Review: ‘The 14th Factory’ art exhibition, despite all the hype, is just an $18 ticket to spectacle
On a sunny Sunday morning, Simon Birch, the creator of the art exhibition “The 14th Factory,” is using a skimmer to clean the surface of a large pool. The shallow water is improbably studded with the tails of airplanes. They tower above him like giant shark fins as he says, “This is not performance art.”
It’s true, contemporary art can be a slippery beast. Sometimes it’s hard to tell what’s art and what’s just keeping the pool clean.
“The 14th Factory” is a herculean vanity project in which everything fairly shouts “Art!” The brainchild of the British-born, Hong Kong-based Birch, the exhibition — by virtue of its location in a warehouse complex in Lincoln Heights and lack of institutional support — claims to establish a “new, independent paradigm for socially-engaged art.”
This “paradigm” has been a social media hit, prompting a long segment on public radio station KPCC. The Huffington Post wrote of Birch, “His ideas definately [sic] warrant critical acclaim,” and L.A. Weekly touted the exhibition as the work of a nonprofit creating “art experiences that serve as vehicles for social change.”
This all follows a 2015 New York Times feature about a $3-million “14th Factory” exhibition opening in Manhattan in April 2016 — followed by an article announcing that the exhibition would not be opening after all.
Now “The 14th Factory” is here. But does it engage the site or audience, and is there anything really new about it? Selfie-bait installations and slickly produced video projections have long been staples of the international biennial and art fair circuit.

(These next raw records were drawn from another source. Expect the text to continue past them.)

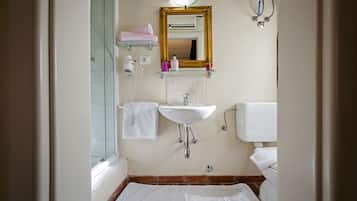 Habitación doble (Attic) | Baño | Regadera, secadora de cabello, toallas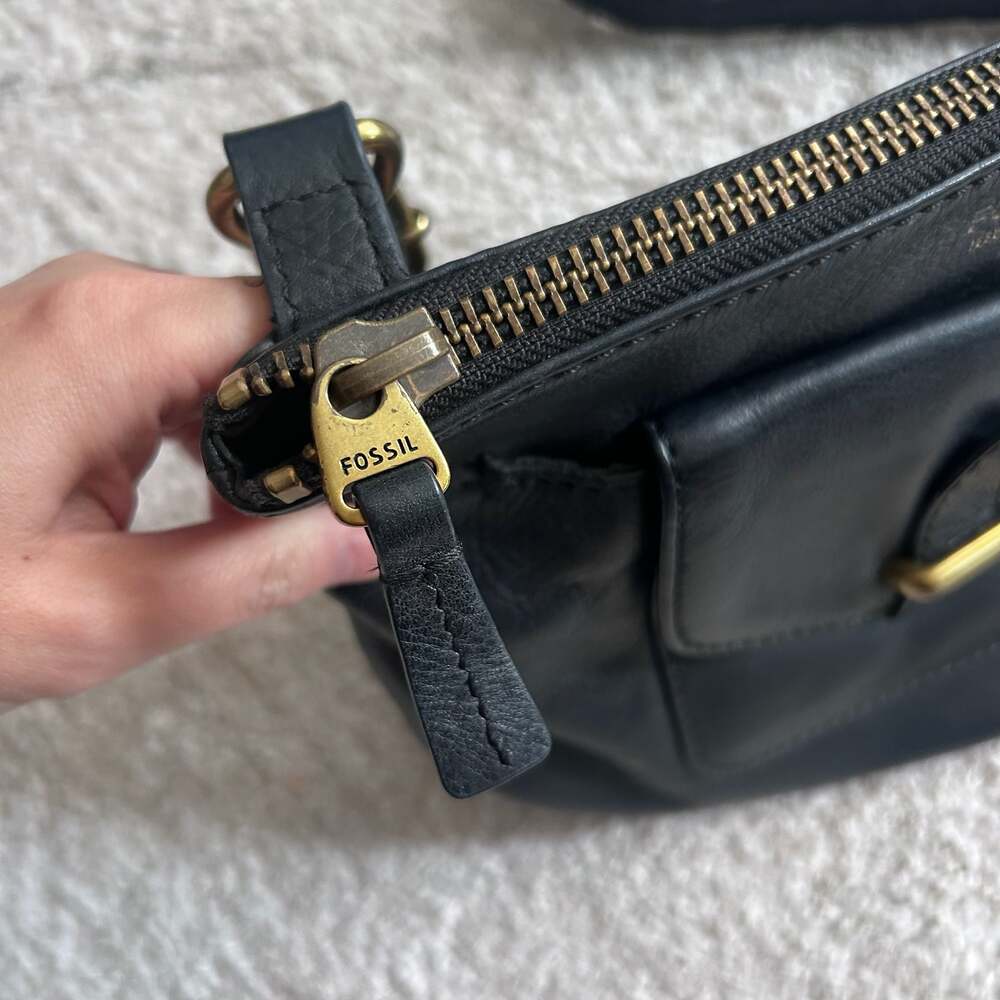 Fossil Black Leather Crossbody Bag with Front Pocket - Picture 5 of 8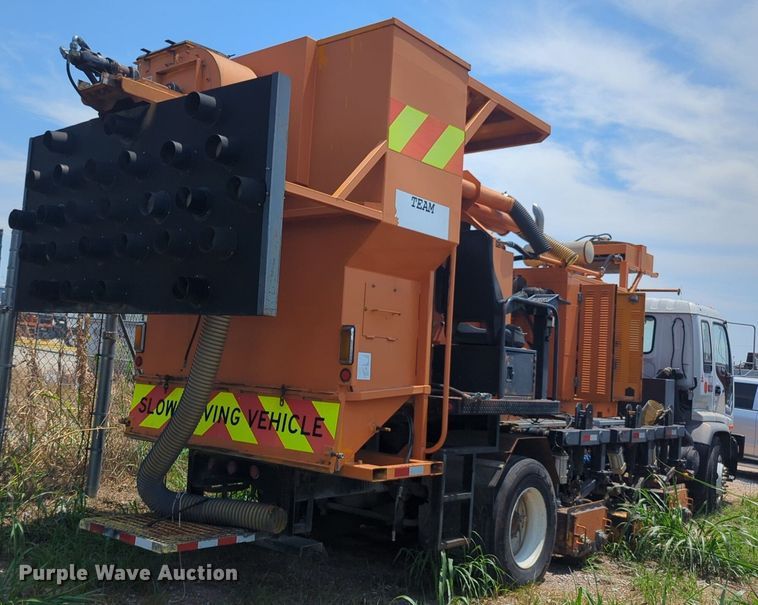 image for item NG9977 2005 GMC 7500 asphalt patch truck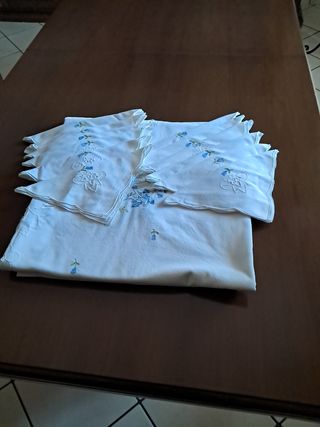 Tovaglia bianca con 12 tovaglioli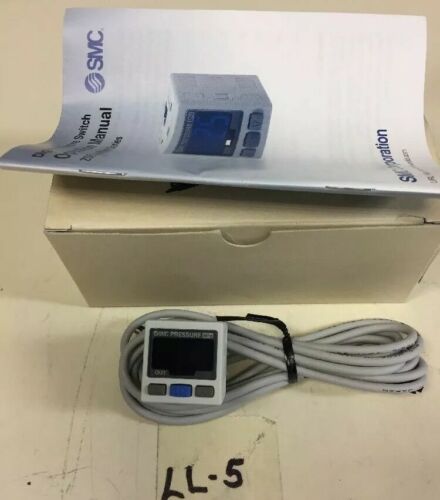 NEW- SMC digital pressure switch ISE30-01-28-L Fast Shipping!*Warranty* Main Image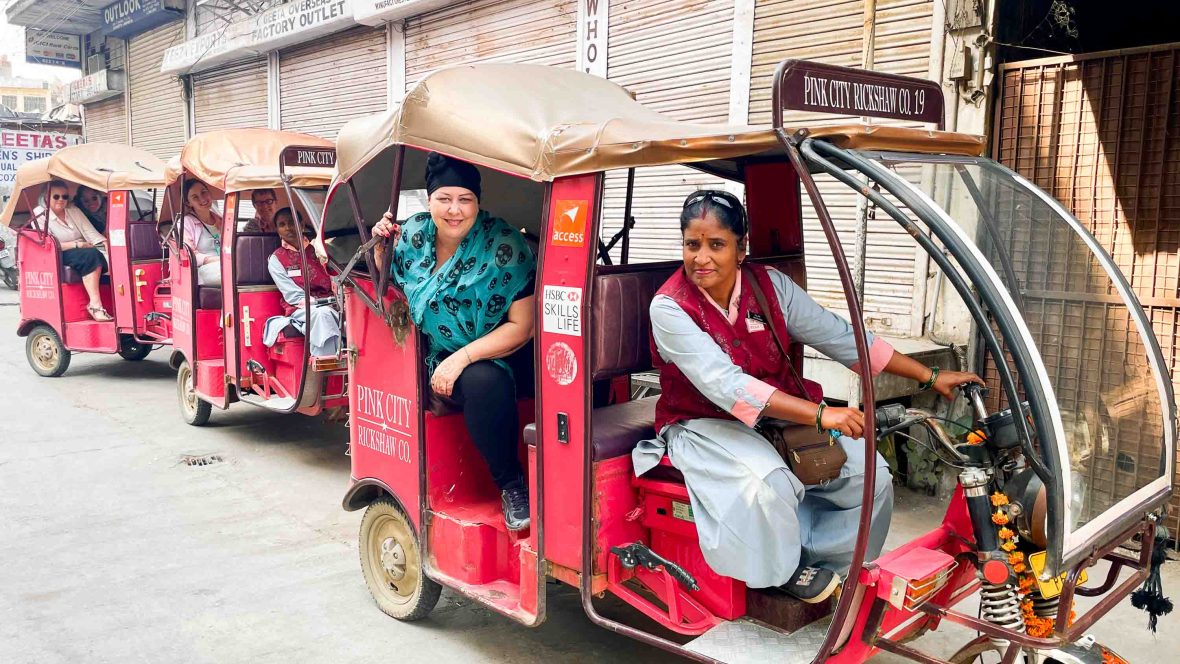 Meet The Women Rickshaw Drivers Of Jaipur India Adventure Com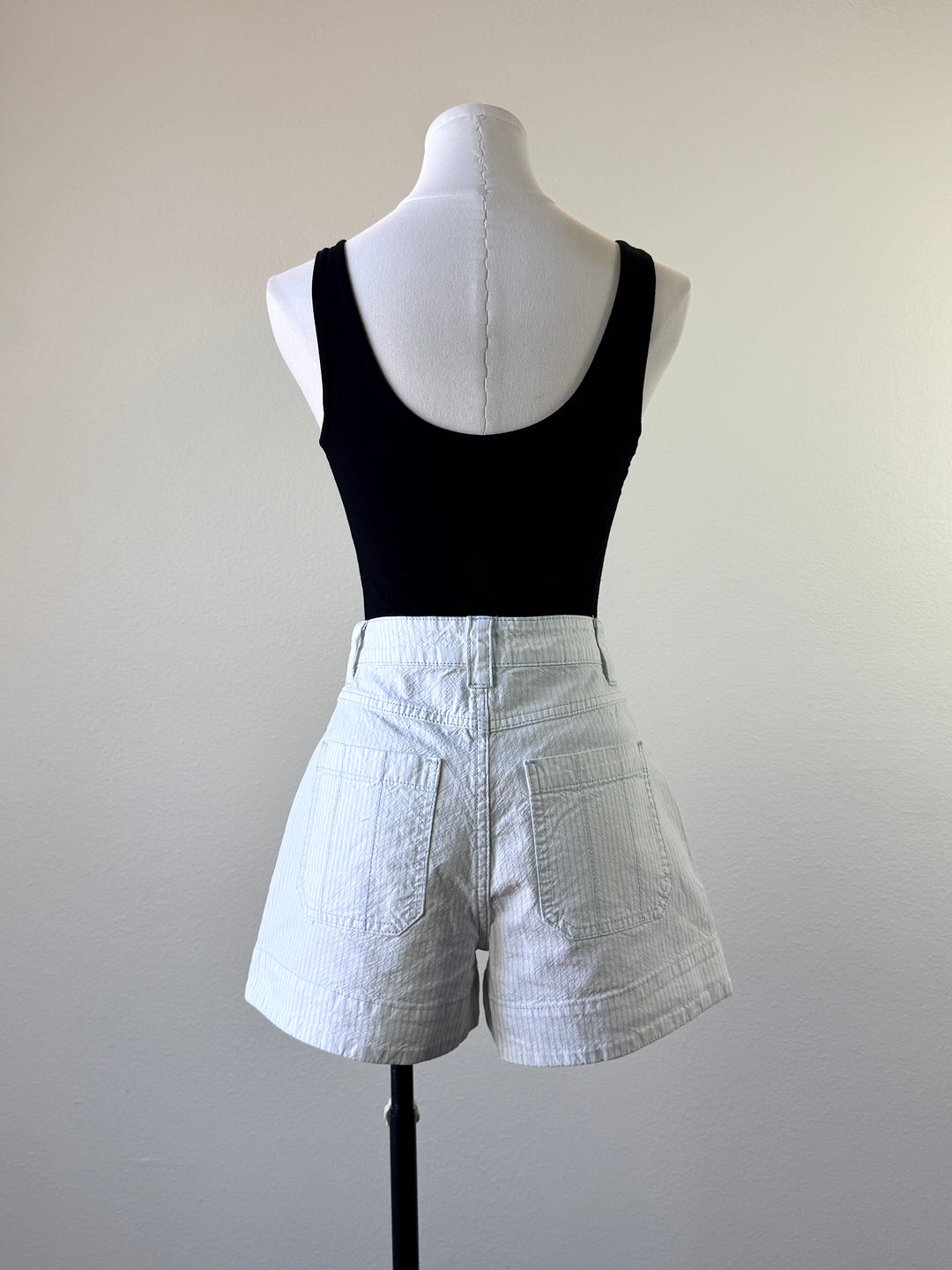 Naia Short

Birch has organized a labyrinth of immersive, multimedia experiences. If art were a ride, I’m pretty sure it would look like “The 14th Factory.”
The spectacle is structured as a hero’s journey, the narrative archetype popularized by mythologist Joseph Campbell in which a protagonist ventures into unknown territory to bring back boons for civilization. But the show only addresses transcendence and transformation in simplistic ways, celebrating an old-fashioned, maddeningly generic notion of humanity.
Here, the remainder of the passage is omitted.